Christopher Lee Hixson

Christopher Lee Hixson


I agree with this answer, it provides the technical response that you can file for a default but also provides the practical advice that it will be turned over very quick because there was an attempt, it does more damage to you in the eyes of the person deciding who to believe in the action.


No, not recommended. There really is no point either because he can easily get it set aside and then you look like you did it in bad faith.

You should consult an attorney for advice regarding your individual situation since every case is different and not all information is relayed in an online question. The Law Office of Ophelia Bernal-Mora, P.A. is a family law firm located in Orlando, Florida, we invite you to contact us and welcome your calls at 407-377-6828. Contacting us does not create an attorney-client relationship. Please do not send any confidential information to us until such time as an attorney-client relationship has been established.
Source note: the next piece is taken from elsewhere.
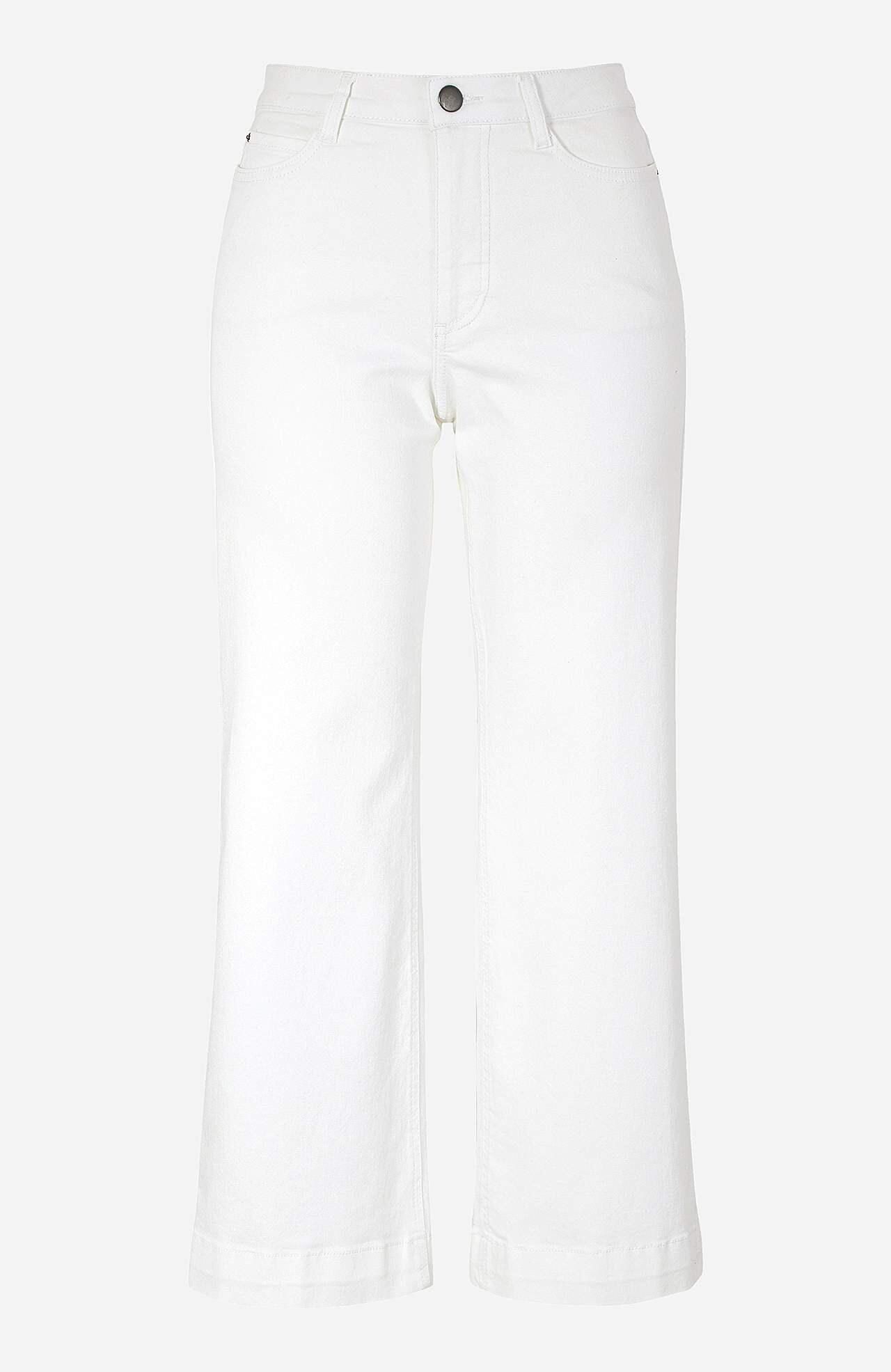 Ankellange stretchjeans Adina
No. You cannot file it in good faith because you have received a response from him indicating his defense. You have been served with the response, and the rules require "service" of an answer within 20 days, not filing.
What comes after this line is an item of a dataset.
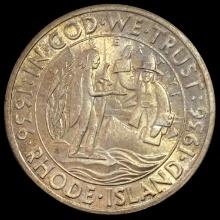1936 Rhode Island Half Dollar GEM BU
If you are asking these kinds of questions, you are not represented by an attorney. You should get assistance of counsel.



I was not served his response, he had his mom give me a sealed envelope. The "response" was typed and not signed, not dated, nor was a case # attached to it. He only spoke of money and never spoke of the children. My papers request sole parental with no time share until certain requirements are met. The injunction I have gave him no visitation. Now, after 6 days,.the courts post his response, but they dated the post for the date he needed to have it in, yet I confirmed throughout the 6th and also the day after, if they recieved his response and was told no. I am not sure what is going on there but something isnt right.

Robert Lincoln

Robert Lincoln


You received notice that he intends to respond, and that prevents a default from being effective. If you have proof of service, and he has not filed his response, you might move for some kind of summary relief - just not a default. It's very unlikely under Florida law that any "default" could address "visitation" or shared custody issues. This is clearly complicated and you really need to talk to an attorney. There is a legal aid organization in Ocala that may be able to help you.


Technically, you could try to get the default. However, it will ultimately be a wast of your time. The court will acknowledge that you did receive a response, and will want to hear the case on the merits. In addition, family law courts will always allow a parent to be heard when children are involved. This applies even with a default. So, if children are an issue in your case, it will make little if any difference.